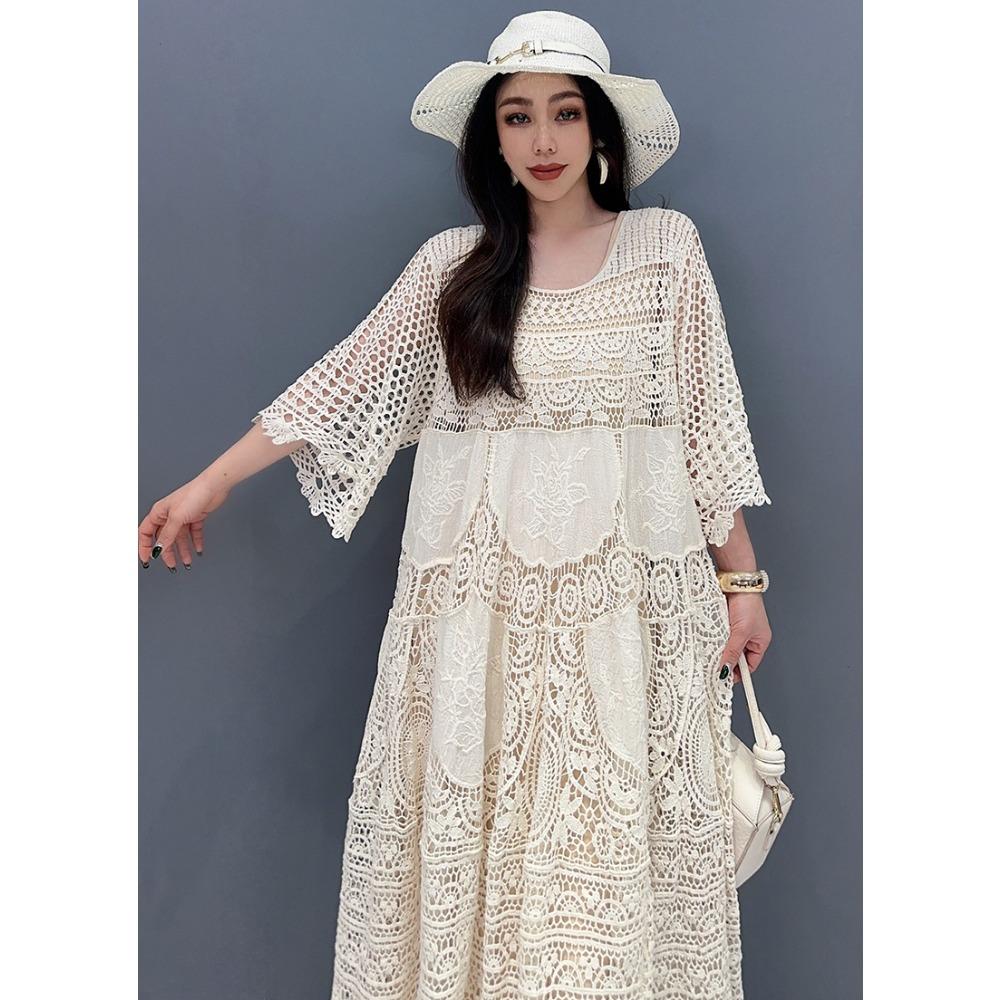 DIMANAF 2025 Vară Femei Rochie Lungă Tricotată Mânecă Rochii de Dantelă Fashion de Bază Casual Largi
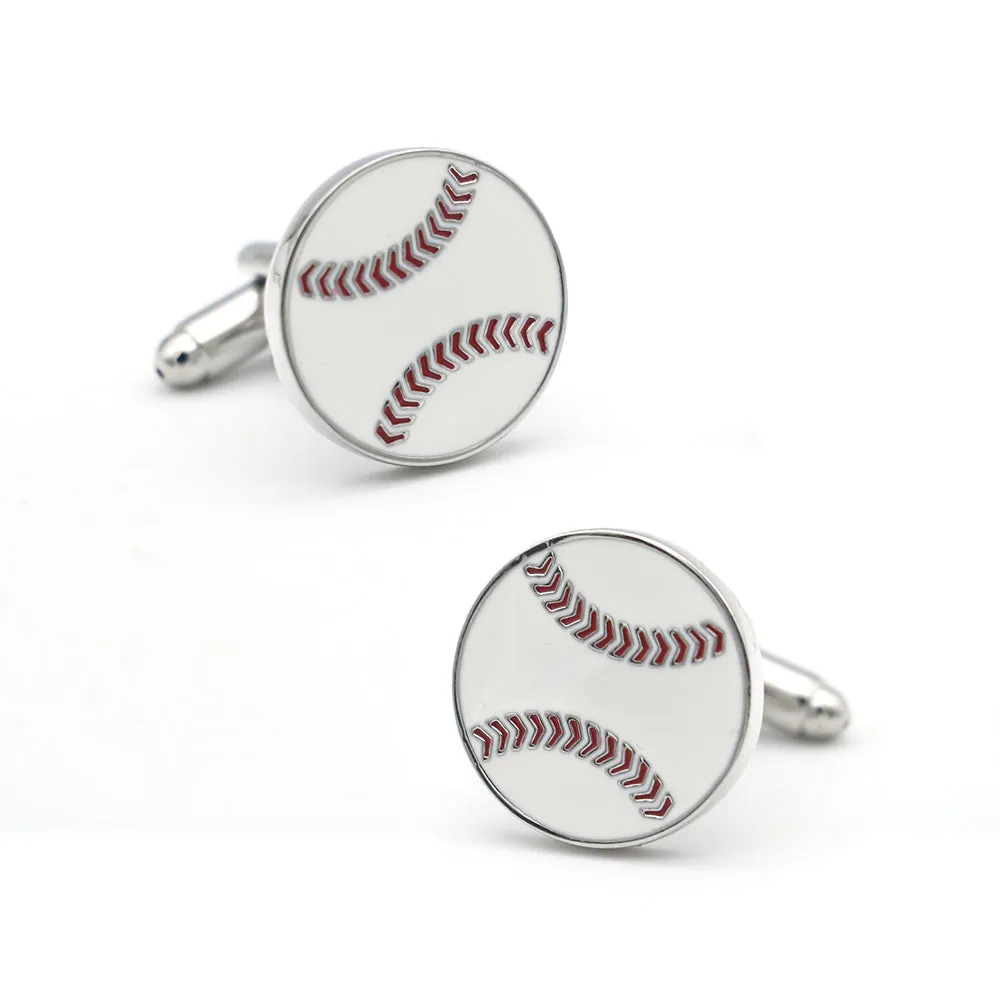 Fenway Baseball Rhodium Plated Cufflinks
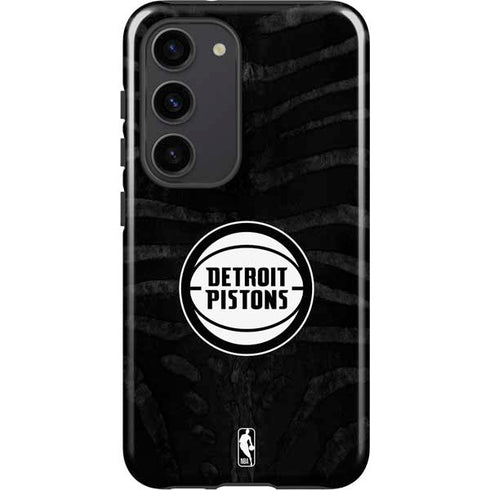 NBA Detroit Pistons Black Animal Print Galaxy S23 Pro Case
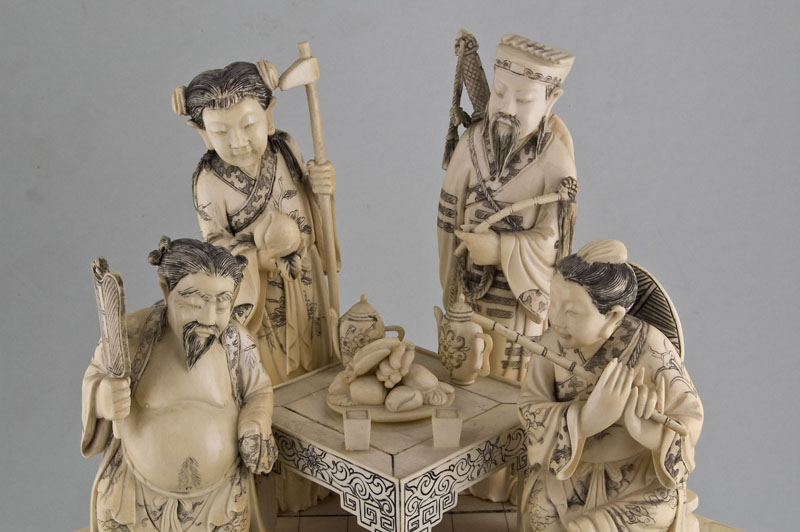 A pair of Antique ivory groups of the Eight Immortals.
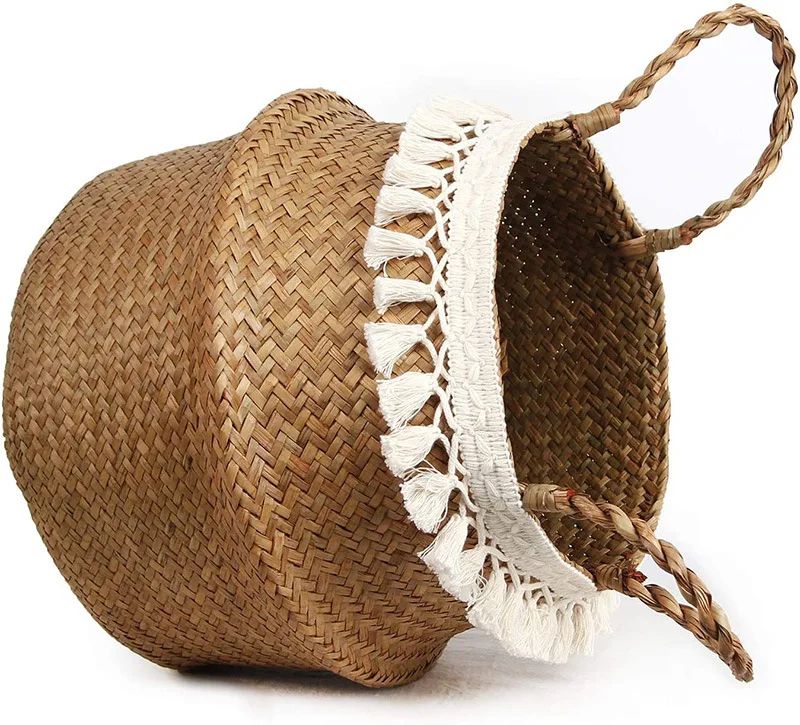 Macrame Seagrass Belly Basket With Tassels  Woven Storage Basket For Laundry Toys Plants  Home Deco 5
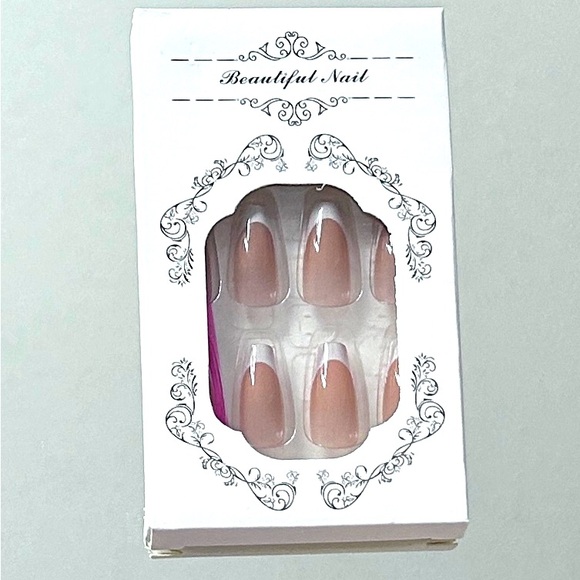 Press On Nails Nude French Fake Nails - Picture 2 of 3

---+---

What the answer needs is every record above, exactly as written, and no pictures.

● EXERCISE RESULT
 DIMANAF 2025 Vară Femei Rochie Lungă Tricotată Mânecă Rochii de Dantelă Fashion de Bază Casual Largi
 Fenway Baseball Rhodium Plated Cufflinks
 NBA Detroit Pistons Black Animal Print Galaxy S23 Pro Case
 A pair of Antique ivory groups of the Eight Immortals.
 Macrame Seagrass Belly Basket With Tassels  Woven Storage Basket For Laundry Toys Plants  Home Deco 5
 Press On Nails Nude French Fake Nails - Picture 2 of 3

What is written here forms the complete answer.